Global Shocks, Local Solutions: Nepal’s Energy Security Choices

Energy security is often discussed as a quick choice where one option is selected and the discussion moves on. Storage hydropower, pumped storage and solar with battery storage are often presented as competing answers, but Nepal’s power system is not that simple. Different problems appear at different times of the day and in different seasons, so no single option can solve everything. The key issue is sequencing, which means deciding what can be implemented quickly to reduce pressure now and what projects must be started early because they take years to deliver.

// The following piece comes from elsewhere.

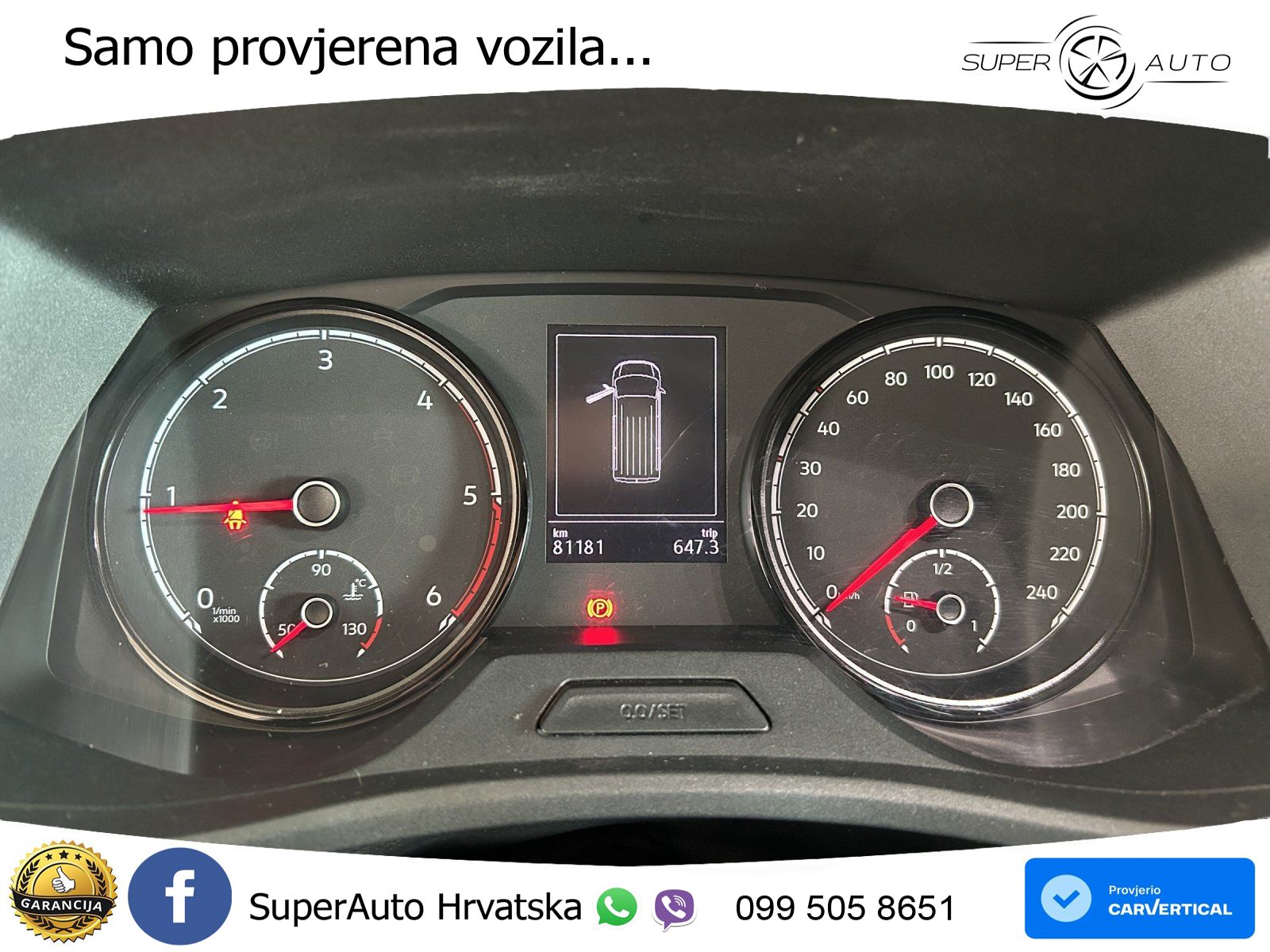 VW Transporter 110 KS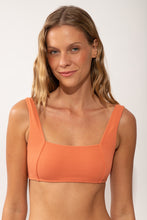 Carica l'immagine nel visualizzatore di Gallery, Gallery: Rio De Sol Reggiseno Top Sand-Argila Mary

A recent LinkedIn poll on Nepal’s energy priorities offered a useful signal. Storage hydropower received the highest support at 52 percent, followed by pumped storage hydropower at 25 percent, while solar with battery energy storage systems received 23 percent. The poll reflects public thinking, but the practical task is to match solutions to specific system needs and realistic timelines. 

Two Different System Problems Are Being Combined in One Debate

Nepal’s energy security debate often mixes two separate problems, even though they occur on different time scales and require different responses. The first is the dry season problem. Run of river plants produce much less when river flow is low and imports become more important for several months. This affects national planning, increases costs and raises exposure to external supply and price shocks. 

The second is the evening peak problem. Demand rises sharply within a short time window, and the system needs resources that can respond quickly and reliably. This is the period when many consumers feel shortages or operational stress most clearly and it is also when system operators need flexibility, not only total energy.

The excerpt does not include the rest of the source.